In fact, I don't even mind "filthy savage," which Mrs. Bird Dog has been known to endearingly (?) label me after an unbathed and unshaven weekend clearing brush and drinking Ballantine Ale and covered with sweat and bloody scratches from prickers and branches. It's sort of a badge of pride - our Indian ancestors were not exactly emerged from the Stone Age and we did not bathe and did not change our clothes, and probably smelled terrible, and, compared to Samuel Pepys, we were savages for sure. We were happy to burn people, cut off their genitals and eat them, scalp them, and torture them, and we were always fighting with our neighboring tribes for fun, for glory, for land, or for no reason at all. Our people looked red because of the red-tinted bear fat we anointed ourselves with in the winter to keep warm. We didn't have central heating, or down parkas. Stone Age, although there was a culture worthy of anthropological study, if pre-literate barbarian culture is your bag. So I say quit it with the hyper-sensitive PC BS in our name - I would prefer that the Indian past be remembered rather than erased, stone axes and all.

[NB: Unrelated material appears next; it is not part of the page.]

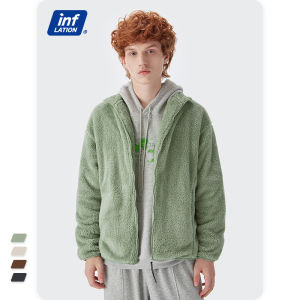 INFLATION brand boys girls campus students European and American style autumn 2023 autumn new street fashion street retro color double-sided stand-up collar thick men jacket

So Hello Atlanta, Hello Dartmouth - quit erasing us - we were tough deer-hunting, enemy-slaying, stoic, happy-to-die and short-lived braves, and hard-working squash and corn-planting and oyster-picking squaws. Our old ones crawled off into the woods to die when they felt they couldn't keep up. We had a concept of dignity. We learned to handle pain and a difficult life was what we expected. In the Northeast, our greatest discoveries were maple syrup, corn, squash, and tobacco. Good things. We got here first. Probably by mistake, while chasing a herd of Musk Ox across the Bering land bridge and getting lost in a snowstorm, and losing our GPS in the snow, so we deserve no credit for adventurous exploration.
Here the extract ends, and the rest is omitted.